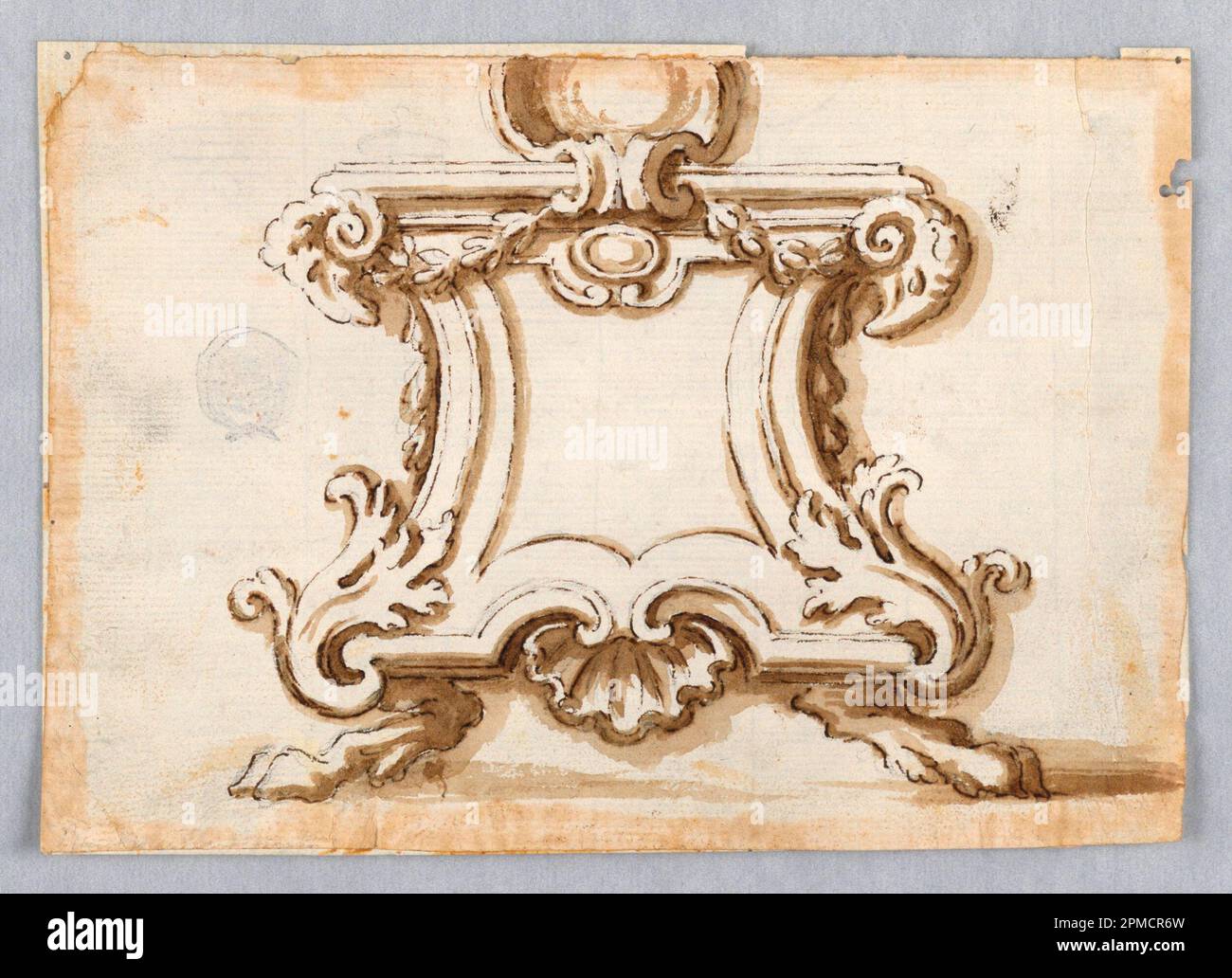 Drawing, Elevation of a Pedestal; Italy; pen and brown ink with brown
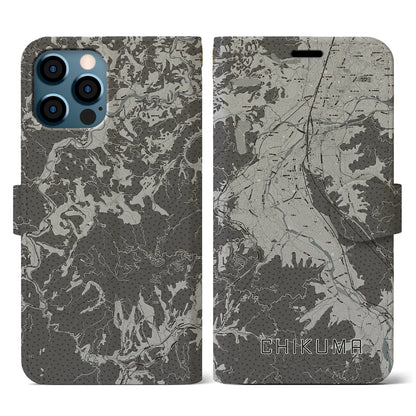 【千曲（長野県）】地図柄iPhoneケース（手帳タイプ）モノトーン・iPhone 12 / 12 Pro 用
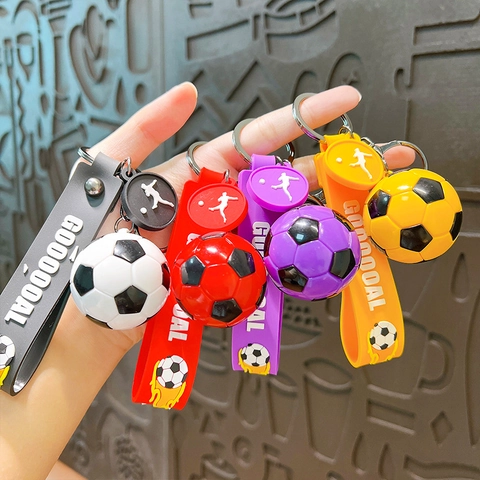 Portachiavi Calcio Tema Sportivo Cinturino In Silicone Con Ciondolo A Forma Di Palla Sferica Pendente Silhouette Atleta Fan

The problem -
All lines from the one holding "12 / 12 Pro 用" to the end of the listing above need to be duplicated exactly. None of the pictures should be included.

Solution for this problem -
 【千曲（長野県）】地図柄iPhoneケース（手帳タイプ）モノトーン・iPhone 12 / 12 Pro 用
 Portachiavi Calcio Tema Sportivo Cinturino In Silicone Con Ciondolo A Forma Di Palla Sferica Pendente Silhouette Atleta Fan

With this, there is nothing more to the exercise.